Internet Freedom AND Intellectual Property Rights

The positive power of the internet has changed the paradigm of international diplomacy, of global governance, and indeed the human condition.  Secretary of State Clinton articulated most clearly last year that the United States, “On the spectrum of internet freedom, [places itself] on the side of openness.”

Over the course of the last several weeks, interested parties in America and around the world have reacted strongly for or against efforts in the U.S. to maintain internet freedom while attempting to find a way to protect the vested property rights that creators, artists, and engineers have in their product.  At issue were two proposed pieces of legislation called the Stop Online Piracy Act (“SOPA”) and the Protect Intellectual Property Act (“PIPA.”) Amongst all the complexity of this issue is a rather clear goal we Americans share with our democratic partners and friends around the world:  Full, unfettered and free access to the internet by the global citizenry AND the protection of the intellectual wealth of our innovators and creative minds from on-line theft.  
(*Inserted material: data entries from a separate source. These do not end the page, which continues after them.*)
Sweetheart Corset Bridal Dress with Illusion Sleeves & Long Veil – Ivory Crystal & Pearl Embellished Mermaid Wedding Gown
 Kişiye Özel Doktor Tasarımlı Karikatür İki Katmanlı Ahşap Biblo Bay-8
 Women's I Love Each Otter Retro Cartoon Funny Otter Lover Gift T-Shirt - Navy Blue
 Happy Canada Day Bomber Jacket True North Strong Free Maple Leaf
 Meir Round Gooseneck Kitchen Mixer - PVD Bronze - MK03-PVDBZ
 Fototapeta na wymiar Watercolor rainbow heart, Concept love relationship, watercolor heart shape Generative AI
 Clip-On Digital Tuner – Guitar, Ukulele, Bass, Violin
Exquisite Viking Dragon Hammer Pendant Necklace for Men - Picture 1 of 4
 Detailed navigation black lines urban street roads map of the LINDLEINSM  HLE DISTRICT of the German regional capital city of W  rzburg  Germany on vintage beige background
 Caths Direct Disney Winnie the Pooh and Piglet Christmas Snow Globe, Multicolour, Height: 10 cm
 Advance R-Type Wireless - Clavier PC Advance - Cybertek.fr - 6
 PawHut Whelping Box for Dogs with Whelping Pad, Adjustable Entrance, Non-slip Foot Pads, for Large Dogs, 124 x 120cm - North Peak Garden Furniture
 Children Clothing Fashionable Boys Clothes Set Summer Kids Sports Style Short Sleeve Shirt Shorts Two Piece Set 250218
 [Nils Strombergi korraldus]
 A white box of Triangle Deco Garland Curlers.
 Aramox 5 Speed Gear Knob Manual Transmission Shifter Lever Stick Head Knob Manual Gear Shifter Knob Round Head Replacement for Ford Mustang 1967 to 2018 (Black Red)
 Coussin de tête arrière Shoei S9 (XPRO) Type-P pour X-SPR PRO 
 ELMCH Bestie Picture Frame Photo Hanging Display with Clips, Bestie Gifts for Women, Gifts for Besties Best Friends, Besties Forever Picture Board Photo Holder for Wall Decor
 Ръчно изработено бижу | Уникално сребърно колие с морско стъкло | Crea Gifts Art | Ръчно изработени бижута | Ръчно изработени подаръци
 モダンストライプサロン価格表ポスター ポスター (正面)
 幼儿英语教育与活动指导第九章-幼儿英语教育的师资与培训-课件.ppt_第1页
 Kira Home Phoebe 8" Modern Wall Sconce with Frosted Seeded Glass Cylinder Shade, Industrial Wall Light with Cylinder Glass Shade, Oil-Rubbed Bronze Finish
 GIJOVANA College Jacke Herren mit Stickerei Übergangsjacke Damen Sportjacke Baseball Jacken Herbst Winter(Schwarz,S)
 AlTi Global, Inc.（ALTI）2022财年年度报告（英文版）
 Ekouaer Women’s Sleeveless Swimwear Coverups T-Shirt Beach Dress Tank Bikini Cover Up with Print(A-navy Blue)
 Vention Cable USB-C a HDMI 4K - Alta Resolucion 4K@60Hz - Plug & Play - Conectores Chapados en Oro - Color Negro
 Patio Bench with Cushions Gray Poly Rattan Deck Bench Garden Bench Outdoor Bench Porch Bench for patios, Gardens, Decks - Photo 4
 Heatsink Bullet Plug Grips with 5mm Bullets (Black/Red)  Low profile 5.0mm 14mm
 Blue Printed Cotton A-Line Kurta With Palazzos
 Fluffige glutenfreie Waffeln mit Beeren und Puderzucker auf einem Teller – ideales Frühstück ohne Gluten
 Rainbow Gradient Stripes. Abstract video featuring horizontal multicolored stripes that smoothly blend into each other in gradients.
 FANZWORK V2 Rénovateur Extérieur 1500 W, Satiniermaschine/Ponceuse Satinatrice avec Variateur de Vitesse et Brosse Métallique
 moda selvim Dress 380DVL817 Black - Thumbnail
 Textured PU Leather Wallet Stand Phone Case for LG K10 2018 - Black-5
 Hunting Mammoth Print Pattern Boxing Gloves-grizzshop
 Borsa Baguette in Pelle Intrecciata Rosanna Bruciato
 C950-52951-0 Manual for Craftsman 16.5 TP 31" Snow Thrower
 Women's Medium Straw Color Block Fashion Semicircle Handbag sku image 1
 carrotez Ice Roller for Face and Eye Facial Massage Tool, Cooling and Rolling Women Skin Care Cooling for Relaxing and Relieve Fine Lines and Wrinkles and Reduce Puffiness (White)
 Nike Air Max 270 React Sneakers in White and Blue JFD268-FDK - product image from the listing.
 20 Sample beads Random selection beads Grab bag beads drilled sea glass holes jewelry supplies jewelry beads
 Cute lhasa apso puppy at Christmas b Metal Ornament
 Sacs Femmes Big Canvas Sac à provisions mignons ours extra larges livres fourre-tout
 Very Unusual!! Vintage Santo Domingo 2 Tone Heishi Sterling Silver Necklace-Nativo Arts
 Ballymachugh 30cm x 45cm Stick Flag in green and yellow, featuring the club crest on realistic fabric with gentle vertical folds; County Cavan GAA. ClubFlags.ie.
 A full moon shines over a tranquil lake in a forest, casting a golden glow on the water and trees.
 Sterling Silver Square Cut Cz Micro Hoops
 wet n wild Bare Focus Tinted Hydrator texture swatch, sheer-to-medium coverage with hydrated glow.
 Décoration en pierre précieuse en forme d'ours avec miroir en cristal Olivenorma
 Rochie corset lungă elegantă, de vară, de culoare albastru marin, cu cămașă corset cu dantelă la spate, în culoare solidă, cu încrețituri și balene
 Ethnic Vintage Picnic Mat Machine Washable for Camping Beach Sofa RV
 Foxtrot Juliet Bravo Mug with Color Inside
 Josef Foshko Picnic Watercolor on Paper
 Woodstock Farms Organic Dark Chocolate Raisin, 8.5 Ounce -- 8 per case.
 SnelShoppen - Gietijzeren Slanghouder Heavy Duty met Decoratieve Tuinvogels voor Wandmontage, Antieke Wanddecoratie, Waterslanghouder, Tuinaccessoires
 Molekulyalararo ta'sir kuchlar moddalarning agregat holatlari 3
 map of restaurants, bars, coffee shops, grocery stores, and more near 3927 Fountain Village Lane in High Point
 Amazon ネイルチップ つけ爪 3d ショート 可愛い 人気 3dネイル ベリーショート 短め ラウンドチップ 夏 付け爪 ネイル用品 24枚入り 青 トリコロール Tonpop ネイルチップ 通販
As we seek to address both of these interests, it should come as no surprise that our efforts of protecting intellectual property online cause legitimate attention to the scope of any regulation of the internet.  Of course neither our government nor the American people wish unintentionally to provide a pretext to those who wish to suppress democratic rights under the guise of “legal protections.”  Once completed, U.S. legislation that would protect the rights of American intellectual property and internet freedom would likewise serve to protect such rights and values the world over.  Again, Secretary of State Clinton has confirmed that “there is no contradiction between intellectual property rights protection and enforcement and ensuring freedom of expression on the Internet.”

The White House meanwhile has set U.S. Administration policy regarding intellectual property legislation, stating that while piracy is a serious problem on the internet, the President will not support any proposed legislation that would reduce freedom of expression or otherwise detract from the Internet’s potential.  Both the President and our Congress have called for legislation that is narrowly-tailored with a focus on criminal activity.  Such tailoring should address U.S. and international concerns about internet freedom and its liberating role for people seeking free expression and democratic rule from one corner of the world to the other.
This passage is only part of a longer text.